American Samoa High Court building

Pago Pago, AMERICAN SAMOA — A bus driver accused of sexually abusing a 15-year-old girl told he court the reason he changed his ‘not guilty’ plea to ‘guilty’ is because he wants to return to his family in Samoa.

Lalomilo Raymond Taume, 35, who has been in custody since his arrest last year, unable to post a $6,000 surety bond, appeared in High Court yesterday morning for a Change of Plea hearing.

Prosecuting the case is Assistant Attorney General Laura Garvey, while Assistant Public Defender Rob McNeill is representing Taume, who was initially charged with first degree sexual abuse, a class D felony; and two misdemeanors: third degree assault and endangering the welfare of a child.

Under a plea agreement accepted by the High Court, Taume pled guilty to first degree sexual abuse. He admits that on Aug. 27, 2018 he touched the breast of a 15-year-old girl for the purpose of arousing his sexual desires.

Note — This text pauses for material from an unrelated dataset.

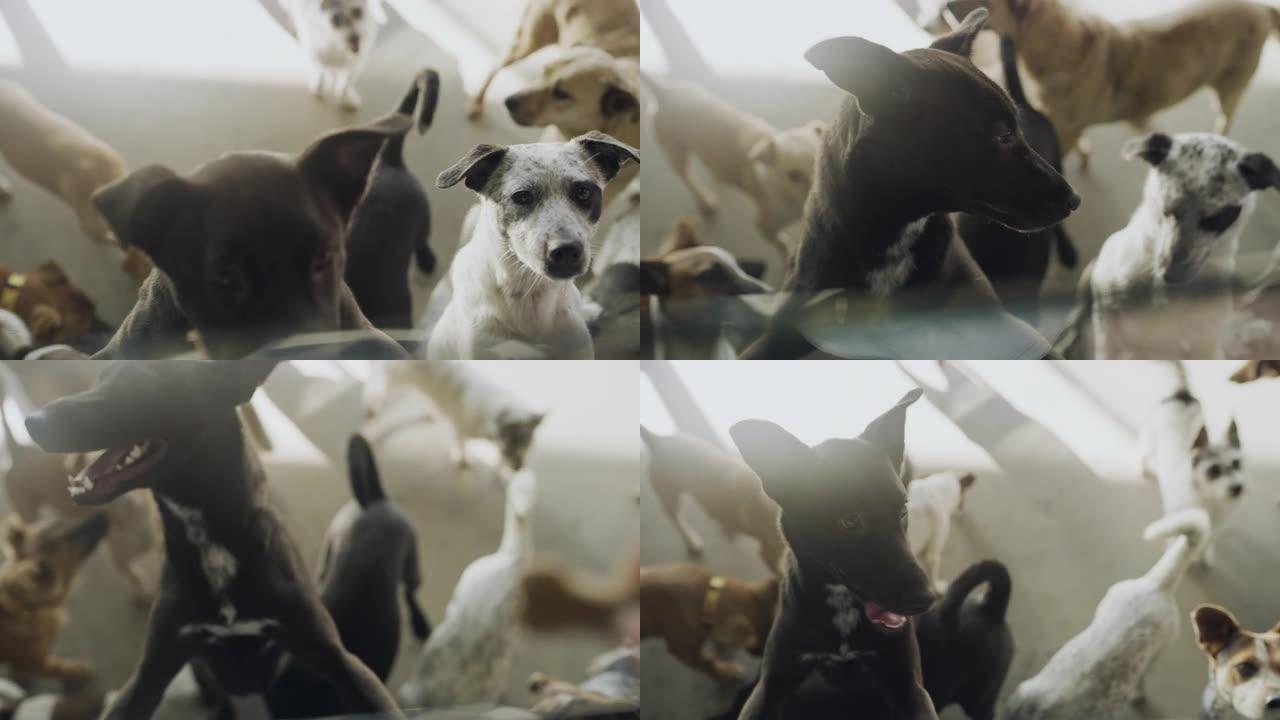 一群准备在动物收容所收养的狗的4k录像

According to terms of the plea agreement, it was the victim’s 20-year-old brother who reported the incident to police. Investigators interviewed both the victim and her brother in the absence of their parents who were both at work when the incident occurred.

The victim told police that she was asleep but was suddenly awakened when she felt someone massaging her left breast. She said at first, she thought it was a dream; however, a few seconds later, she realized it wasn’t.

She told police that when she awoke, she saw Taume kneeling next to her head, touching her head and body. Taume whispered to her to be quiet and not make any noise.

Taume told the girl he wanted to spend some time with her but the victim didn’t fall for it. Instead, she screamed and yelled out for her father. Taume got up quickly and ran out, started his aiga-bus which was parked in front of his house, and left the area. The victim and Taume are neighbors.

The victim told investigators this was not the first time Taume had done this to her.  She said one night, while sitting in front of her house, she felt someone touching both her breasts from behind. She turned around to find Taume standing behind her. When she asked what he was doing, he just laughed without saying a word.

The victim also recalled another night, while she was sleeping on her bed, she felt something heavy on her. She awoke and saw Taume trying to lay on top of her. She said she pushed him and yelled out to her family, causing Taume to run out and head home.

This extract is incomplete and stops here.